## EXERCISE OBJECTIVE:
Every line from the line containing "1204 Rich Boulevard — photo 38" through the final line below is to be repeated exactly; no other line is.

....

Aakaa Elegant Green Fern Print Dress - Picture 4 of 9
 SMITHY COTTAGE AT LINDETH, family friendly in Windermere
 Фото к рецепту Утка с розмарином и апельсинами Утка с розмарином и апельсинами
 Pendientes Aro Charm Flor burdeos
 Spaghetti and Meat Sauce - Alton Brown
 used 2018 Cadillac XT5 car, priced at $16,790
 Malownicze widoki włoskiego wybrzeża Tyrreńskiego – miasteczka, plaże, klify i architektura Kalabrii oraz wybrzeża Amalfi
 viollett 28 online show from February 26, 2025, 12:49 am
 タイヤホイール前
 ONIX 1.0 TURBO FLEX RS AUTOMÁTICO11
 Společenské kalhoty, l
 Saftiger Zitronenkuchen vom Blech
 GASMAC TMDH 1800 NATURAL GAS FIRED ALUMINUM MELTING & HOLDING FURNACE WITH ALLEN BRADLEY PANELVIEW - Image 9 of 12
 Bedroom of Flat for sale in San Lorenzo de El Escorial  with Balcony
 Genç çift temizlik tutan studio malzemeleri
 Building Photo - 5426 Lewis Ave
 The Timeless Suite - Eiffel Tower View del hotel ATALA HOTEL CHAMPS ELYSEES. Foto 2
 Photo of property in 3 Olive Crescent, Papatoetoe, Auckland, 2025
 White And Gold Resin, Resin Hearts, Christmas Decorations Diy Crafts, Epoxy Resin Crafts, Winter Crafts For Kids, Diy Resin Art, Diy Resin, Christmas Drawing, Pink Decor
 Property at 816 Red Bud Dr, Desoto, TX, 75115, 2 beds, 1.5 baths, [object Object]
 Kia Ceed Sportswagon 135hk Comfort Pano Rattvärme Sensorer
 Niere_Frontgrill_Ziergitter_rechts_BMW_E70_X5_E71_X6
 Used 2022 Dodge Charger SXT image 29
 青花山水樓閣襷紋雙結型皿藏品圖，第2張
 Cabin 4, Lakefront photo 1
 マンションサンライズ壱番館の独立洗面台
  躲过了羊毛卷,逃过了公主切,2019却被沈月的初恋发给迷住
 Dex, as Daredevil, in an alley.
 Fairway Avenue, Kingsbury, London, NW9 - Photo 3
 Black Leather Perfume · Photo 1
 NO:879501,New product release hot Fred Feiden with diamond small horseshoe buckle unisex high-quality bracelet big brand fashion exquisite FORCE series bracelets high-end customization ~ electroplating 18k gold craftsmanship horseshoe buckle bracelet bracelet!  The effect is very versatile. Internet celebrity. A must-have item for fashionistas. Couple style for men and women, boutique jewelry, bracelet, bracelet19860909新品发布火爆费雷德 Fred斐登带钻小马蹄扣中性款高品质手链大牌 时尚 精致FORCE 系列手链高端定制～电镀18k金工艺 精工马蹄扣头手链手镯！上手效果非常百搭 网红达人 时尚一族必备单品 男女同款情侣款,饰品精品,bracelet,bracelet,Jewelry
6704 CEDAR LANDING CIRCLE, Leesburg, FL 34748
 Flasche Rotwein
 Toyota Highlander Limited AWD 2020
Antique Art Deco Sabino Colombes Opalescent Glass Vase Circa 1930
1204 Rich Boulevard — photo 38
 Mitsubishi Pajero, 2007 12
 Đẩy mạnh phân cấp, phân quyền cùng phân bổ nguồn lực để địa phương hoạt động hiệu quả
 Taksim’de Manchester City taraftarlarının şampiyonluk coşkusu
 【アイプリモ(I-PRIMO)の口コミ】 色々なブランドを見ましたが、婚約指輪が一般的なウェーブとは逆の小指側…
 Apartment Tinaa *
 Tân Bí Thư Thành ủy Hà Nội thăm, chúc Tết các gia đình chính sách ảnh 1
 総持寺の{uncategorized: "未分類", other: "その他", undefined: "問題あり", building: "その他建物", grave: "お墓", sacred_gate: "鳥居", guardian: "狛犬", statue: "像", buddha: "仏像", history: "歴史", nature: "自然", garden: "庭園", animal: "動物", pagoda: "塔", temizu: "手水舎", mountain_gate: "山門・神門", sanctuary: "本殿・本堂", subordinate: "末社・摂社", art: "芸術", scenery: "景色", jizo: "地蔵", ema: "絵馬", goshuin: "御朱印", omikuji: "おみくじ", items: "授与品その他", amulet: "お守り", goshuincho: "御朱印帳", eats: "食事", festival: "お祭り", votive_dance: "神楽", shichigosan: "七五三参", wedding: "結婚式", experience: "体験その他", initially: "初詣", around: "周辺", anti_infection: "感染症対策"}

....

## WRITTEN RESPONSE:
1204 Rich Boulevard — photo 38
 Mitsubishi Pajero, 2007 12
 Đẩy mạnh phân cấp, phân quyền cùng phân bổ nguồn lực để địa phương hoạt động hiệu quả
 Taksim’de Manchester City taraftarlarının şampiyonluk coşkusu
 【アイプリモ(I-PRIMO)の口コミ】 色々なブランドを見ましたが、婚約指輪が一般的なウェーブとは逆の小指側…
 Apartment Tinaa *
 Tân Bí Thư Thành ủy Hà Nội thăm, chúc Tết các gia đình chính sách ảnh 1
 総持寺の{uncategorized: "未分類", other: "その他", undefined: "問題あり", building: "その他建物", grave: "お墓", sacred_gate: "鳥居", guardian: "狛犬", statue: "像", buddha: "仏像", history: "歴史", nature: "自然", garden: "庭園", animal: "動物", pagoda: "塔", temizu: "手水舎", mountain_gate: "山門・神門", sanctuary: "本殿・本堂", subordinate: "末社・摂社", art: "芸術", scenery: "景色", jizo: "地蔵", ema: "絵馬", goshuin: "御朱印", omikuji: "おみくじ", items: "授与品その他", amulet: "お守り", goshuincho: "御朱印帳", eats: "食事", festival: "お祭り", votive_dance: "神楽", shichigosan: "七五三参", wedding: "結婚式", experience: "体験その他", initially: "初詣", around: "周辺", anti_infection: "感染症対策"}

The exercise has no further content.